John Charles Dykstra, A.S.C. (/ˈdaɪkstrə/; born June 3, 1947) is an American special effects artist, pioneer in the development of the use of computers in filmmaking and recipient of three Academy Awards, among many other awards and prizes. He was one of the original employees of Industrial Light & Magic, the special effects and computer graphics division of Lucasfilm. He is well known as the special effects lead on the original Star Wars, helping bring the original visuals for lightsabers, space battles between X-wings and TIE fighters, and Force powers to the screen. He also led special effects on many other movies, including Batman Forever, Batman & Robin, Caddyshack, Stuart Little, X-Men: First Class, Spider-Man and Spider-Man 2.

==Education and early career==
Dykstra was born in Long Beach, California. After studying industrial design at California State University, Long Beach (where he was a member of Phi Kappa Tau fraternity), in 1971 he landed a job working with Douglas Trumbull on Silent Running filming model effects, when Trumbull hired recent college graduates due to the film's low budget.

==Star Wars==
In 1975, when George Lucas was recruiting people for the special effects work on Star Wars, he approached Douglas Trumbull, but he was unavailable as he was about to start working on Steven Spielberg's Close Encounters of the Third Kind. Trumbull pointed Lucas towards Dykstra. Lucas formed his own special effects company, Industrial Light & Magic (ILM), based in warehouse premises in Van Nuys, and appointed Dykstra to supervise the new team, many of whom he worked with previously on Trumbull's "Silent Running." This led to the development of the Dykstraflex motion-controlled camera, which enabled many of the film's groundbreaking effects to be produced. The system was made possible by the availability of off-the-shelf integrated-circuit RAM at relatively low cost and secondhand VistaVision cameras.

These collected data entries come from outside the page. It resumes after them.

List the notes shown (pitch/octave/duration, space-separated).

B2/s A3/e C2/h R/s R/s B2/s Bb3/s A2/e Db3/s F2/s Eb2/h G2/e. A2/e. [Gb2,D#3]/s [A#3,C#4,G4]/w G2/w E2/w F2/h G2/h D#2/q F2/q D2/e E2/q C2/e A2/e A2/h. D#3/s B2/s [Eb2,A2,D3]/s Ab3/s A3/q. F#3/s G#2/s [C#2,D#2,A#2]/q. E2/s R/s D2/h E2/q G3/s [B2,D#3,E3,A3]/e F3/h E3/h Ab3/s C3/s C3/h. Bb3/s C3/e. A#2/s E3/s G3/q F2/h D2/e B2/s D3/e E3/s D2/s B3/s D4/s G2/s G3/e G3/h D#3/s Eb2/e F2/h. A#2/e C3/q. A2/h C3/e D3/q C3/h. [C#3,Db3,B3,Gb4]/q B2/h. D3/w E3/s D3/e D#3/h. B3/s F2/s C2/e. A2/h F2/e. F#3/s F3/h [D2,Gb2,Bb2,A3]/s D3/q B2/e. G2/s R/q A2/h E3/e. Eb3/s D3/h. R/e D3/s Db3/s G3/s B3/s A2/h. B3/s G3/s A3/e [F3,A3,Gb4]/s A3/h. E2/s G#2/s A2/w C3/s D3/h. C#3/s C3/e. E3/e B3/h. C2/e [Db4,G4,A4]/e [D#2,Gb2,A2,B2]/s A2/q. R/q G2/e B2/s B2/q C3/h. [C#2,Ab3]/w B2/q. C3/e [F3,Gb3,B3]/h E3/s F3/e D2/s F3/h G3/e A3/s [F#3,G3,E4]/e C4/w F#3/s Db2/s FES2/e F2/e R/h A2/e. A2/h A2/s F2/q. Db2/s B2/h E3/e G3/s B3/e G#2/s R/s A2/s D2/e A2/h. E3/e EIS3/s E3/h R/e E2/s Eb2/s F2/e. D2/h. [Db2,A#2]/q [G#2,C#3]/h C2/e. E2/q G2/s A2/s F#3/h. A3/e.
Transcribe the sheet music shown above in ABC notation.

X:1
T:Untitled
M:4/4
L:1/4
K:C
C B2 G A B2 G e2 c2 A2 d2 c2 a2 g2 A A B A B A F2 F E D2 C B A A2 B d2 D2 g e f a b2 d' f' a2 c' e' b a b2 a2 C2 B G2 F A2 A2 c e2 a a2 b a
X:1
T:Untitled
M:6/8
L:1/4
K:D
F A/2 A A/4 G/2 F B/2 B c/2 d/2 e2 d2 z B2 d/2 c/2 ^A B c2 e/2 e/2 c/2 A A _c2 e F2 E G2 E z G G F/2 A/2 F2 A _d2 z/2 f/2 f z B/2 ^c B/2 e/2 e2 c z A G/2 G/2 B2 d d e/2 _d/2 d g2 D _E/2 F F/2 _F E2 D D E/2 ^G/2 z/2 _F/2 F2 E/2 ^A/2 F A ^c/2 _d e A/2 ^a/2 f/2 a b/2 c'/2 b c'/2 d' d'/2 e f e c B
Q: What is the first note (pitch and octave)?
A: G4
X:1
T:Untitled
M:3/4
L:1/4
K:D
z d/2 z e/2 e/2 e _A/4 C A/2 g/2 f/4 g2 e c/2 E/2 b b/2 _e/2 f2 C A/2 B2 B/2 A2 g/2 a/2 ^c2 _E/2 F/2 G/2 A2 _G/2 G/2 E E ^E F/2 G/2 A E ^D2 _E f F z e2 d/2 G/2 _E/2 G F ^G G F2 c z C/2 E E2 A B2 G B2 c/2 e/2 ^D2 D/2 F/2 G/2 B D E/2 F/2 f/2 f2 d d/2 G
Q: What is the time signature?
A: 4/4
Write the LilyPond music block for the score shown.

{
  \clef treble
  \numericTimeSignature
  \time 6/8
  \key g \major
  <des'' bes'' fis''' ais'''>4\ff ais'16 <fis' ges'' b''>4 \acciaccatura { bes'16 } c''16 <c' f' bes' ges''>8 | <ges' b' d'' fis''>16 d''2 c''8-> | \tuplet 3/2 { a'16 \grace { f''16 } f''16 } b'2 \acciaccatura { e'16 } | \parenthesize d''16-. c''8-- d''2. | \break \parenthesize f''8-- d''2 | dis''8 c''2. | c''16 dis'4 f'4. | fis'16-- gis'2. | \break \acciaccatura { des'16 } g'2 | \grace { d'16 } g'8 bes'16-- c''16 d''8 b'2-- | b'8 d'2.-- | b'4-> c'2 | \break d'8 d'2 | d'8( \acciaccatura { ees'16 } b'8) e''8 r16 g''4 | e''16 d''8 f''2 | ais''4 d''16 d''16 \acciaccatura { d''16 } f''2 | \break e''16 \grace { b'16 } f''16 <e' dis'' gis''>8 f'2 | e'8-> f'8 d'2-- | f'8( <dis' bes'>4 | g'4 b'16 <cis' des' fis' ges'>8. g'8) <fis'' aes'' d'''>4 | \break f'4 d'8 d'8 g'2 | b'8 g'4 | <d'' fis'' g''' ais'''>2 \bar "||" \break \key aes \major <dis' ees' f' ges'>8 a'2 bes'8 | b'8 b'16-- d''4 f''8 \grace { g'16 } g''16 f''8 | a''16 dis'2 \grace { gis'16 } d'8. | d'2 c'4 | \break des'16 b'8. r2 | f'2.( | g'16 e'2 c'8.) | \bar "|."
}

However, tensions arose between Dykstra and Lucas, the latter complaining that too much time and money was spent on developing the digital camera systems and that the effects team did not deliver all the shots that he had wanted causing the production to run behind schedule. These tensions would reportedly culminate with Dykstra's dismissal from ILM following Lucas' return from principal photography in London. Regardless, following the release of Star Wars, Dykstra and his team won Academy Awards for best special effects and special technical achievement.

==Battlestar Galactica==
After Star Wars, Dykstra began working on Battlestar Galactica for Universal Studios. Supervising the special effects for the three-hour pilot episode (which was also released theatrically), Dykstra formed his own effects company called Apogee, Inc. which included several ILM employees who had worked on Star Wars. Dykstra was also given a Producer credit for the pilot of the television series. As Universal then opted to make Galactica into a weekly series, many of Dykstra's effects shots were recycled and used repeatedly throughout the show's single season run.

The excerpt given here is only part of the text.